1. Replacing the whole value in a tag is easy because that's what tree.find('.//begdate').text = BEGDATEPARAM will do, but if I have a paragraph of words in a tag and I only want to replace one word (variable) in it, I'm not sure how to make that happen. Example is in the <abstract> tag, where there is a sentence with a variable called %SITEDESCR%. I just want to replace the variable, not the whole sentence.
2. The second issue I am having is trying to replace values in tags where the tag and tag tree path is identicle. The structure at the bottom of the XML where you see 4 tags called <placekey>, I want to replace the value in the first placekey tag, but I want the values of the remaining 4 tags to remain the same. I can't seem to figure out how to select that first tag and ignore the rest.

[HTML]<metadata>
<idinfo>
    <citation>
      <citeinfo>
           <origin>My Company</origin>
           <pubdate>05/04/2009</pubdate>
           <title>POLYGONS</title>
           <geoform>vector digital data</geoform>
           <onlink>\\ArcGISDevelopment\2009 Geodatabase\PDA_STD_05_25_2009.gdb</onlink>
       </citeinfo>
    </citation>
<descript>
       <abstract>This dataset represents the mapped polygons developed from the field data for the %SITEDESCR%.</abstract>
       <purpose>This dataset was created to accompany the clients Pre-Disturbance Assessment and Conservation and Reclamation Plan.</purpose>
   </descript>
<timeperd>
     <timeinfo>
      <rngdates>
          <begdate>%begdate%</begdate>
          <begtime>unknown</begtime>
          <enddate>%enddate%</enddate>
          <endtime>unknown</endtime>
        </rngdates>
      </timeinfo>
      <current>ground condition</current>
    </timeperd>
<status>
      <progress>Complete</progress>
      <update>None planned</update>
   </status>
<spdom>
    <bounding>
        <westbc> -110.541628</westbc>
        <eastbc> -110.535713</eastbc>
        <northbc> 54.643033</northbc>
        <southbc> 54.639832</southbc>
      </bounding>
   </spdom>
<keywords>
    <theme>
        <themekt>POLYGONS</themekt>
        <themekey>Polygon</themekey>
     </theme>
    <place>
        <placekey>%SITEID%</placekey>
        <placekey>Alberta</placekey>
        <placekey>Canada</placekey>
        <placekey>North America</placekey>
     </place>
[/HTML]

DarrenWiens2 · ‎06-29-2011

1.) Since tree.find('.//abstract').text is a string, I think you should be able to use the usual replace method. (totally untested)

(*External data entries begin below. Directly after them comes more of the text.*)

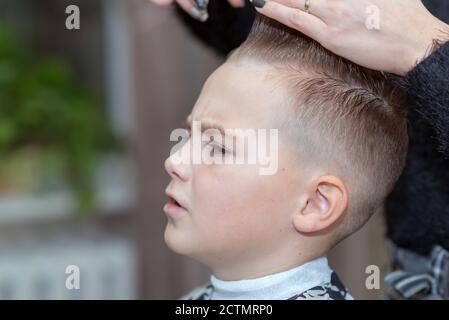 Coiffure fait une coiffure élégante. La femme est debout et fait la coupe de cheveux pour garçon blond. Vue rapprochée latérale. Banque D'Images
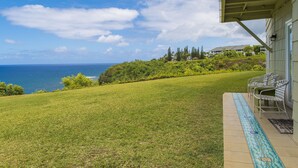 A pool area with a view of the ocean, a grassy slope, and a building with a covered patio. - Expansive Ocean Views from Ali'i Kai 5103 (Princeville)
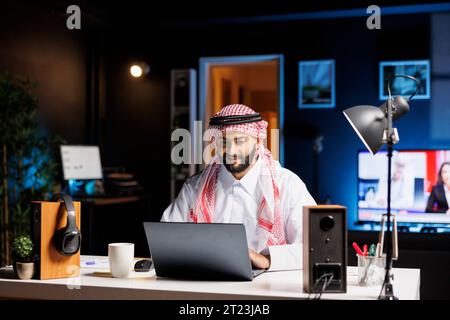 Focused man in Arabic attire working diligently at his modern office desk, typing on his laptop. Muslim guy surfing the net and checking his e-mail on his digital personal computer. Stock Photo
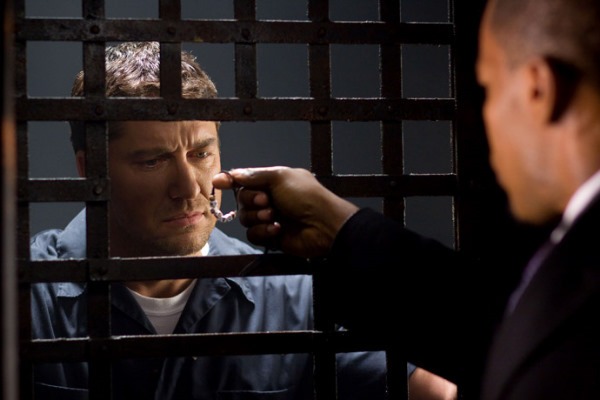 Nick Rice holds up a bracelet belonging to Clyde Shelton’s daughter in a tense prison scene. Gerard Butler, as Clyde, stares at the bracelet through the jail cell bars, symbolizing the emotional weight of his revenge-driven actions.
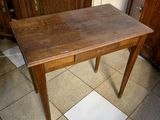 une table en bois avec un tiroir en dessous, posée sur un sol carrelé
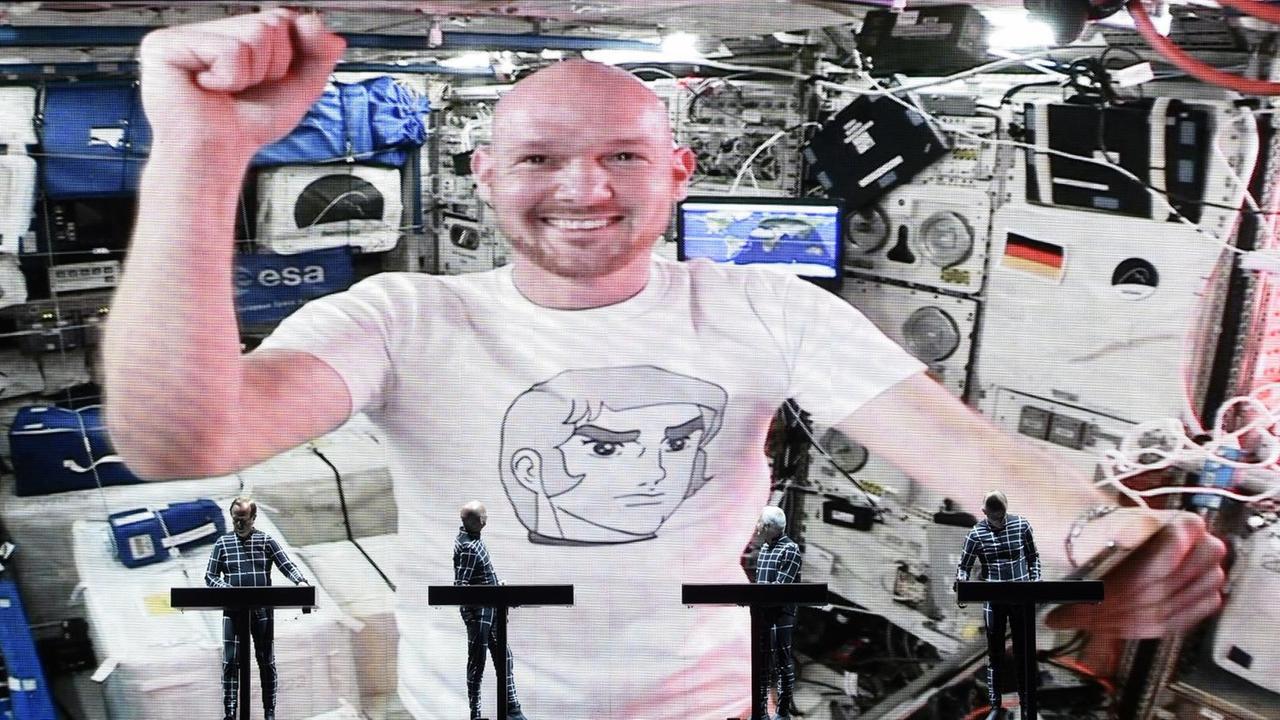 Die Band Kraftwerk auf der Bühne. Dahinter in der Videoschalte: Der Astronaut Alexander Gerst mit einem Tablet-Computer. Er macht eine triumphierende Geste. Die Band Kraftwerk auf der Bühne. Dahinter in der Videoschalte: Der Astronaut Alexander Gerst mit einem Tablet-Computer. Er macht eine triumphierende Geste.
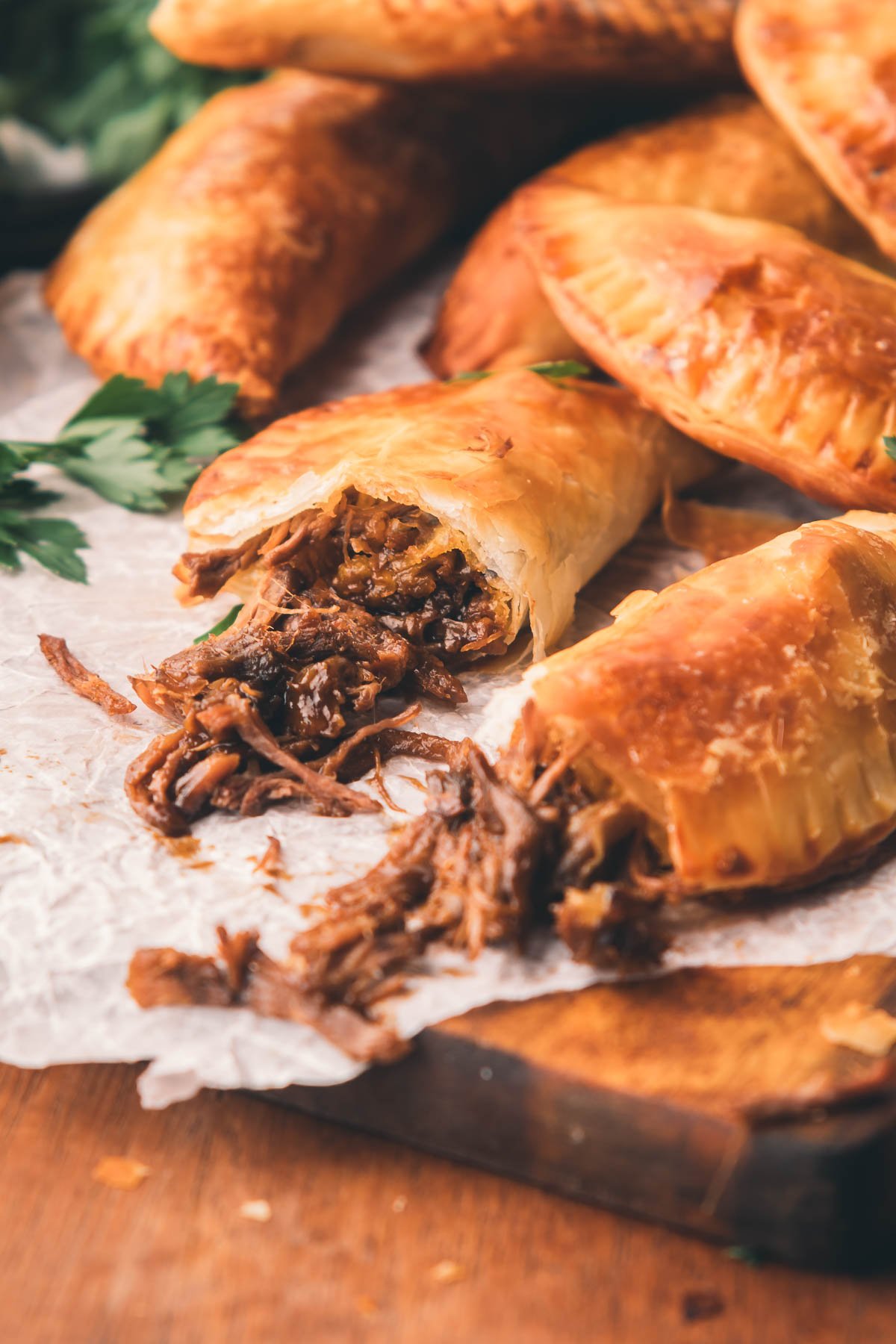 Close-up of hand pies opened on parchment paper, one split open to reveal shredded beef filling.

tree.find('.//abstract').text = tree.find('.//abstract').text.replace("%SITEDESCR%", thesubvalue)

2.) I think you want to use the getchildren() method to create a list of the subelements under the <place> tag. Then, you can reference the children by the new index number. (again, untested - you can find lots of great Elementtree methods here.)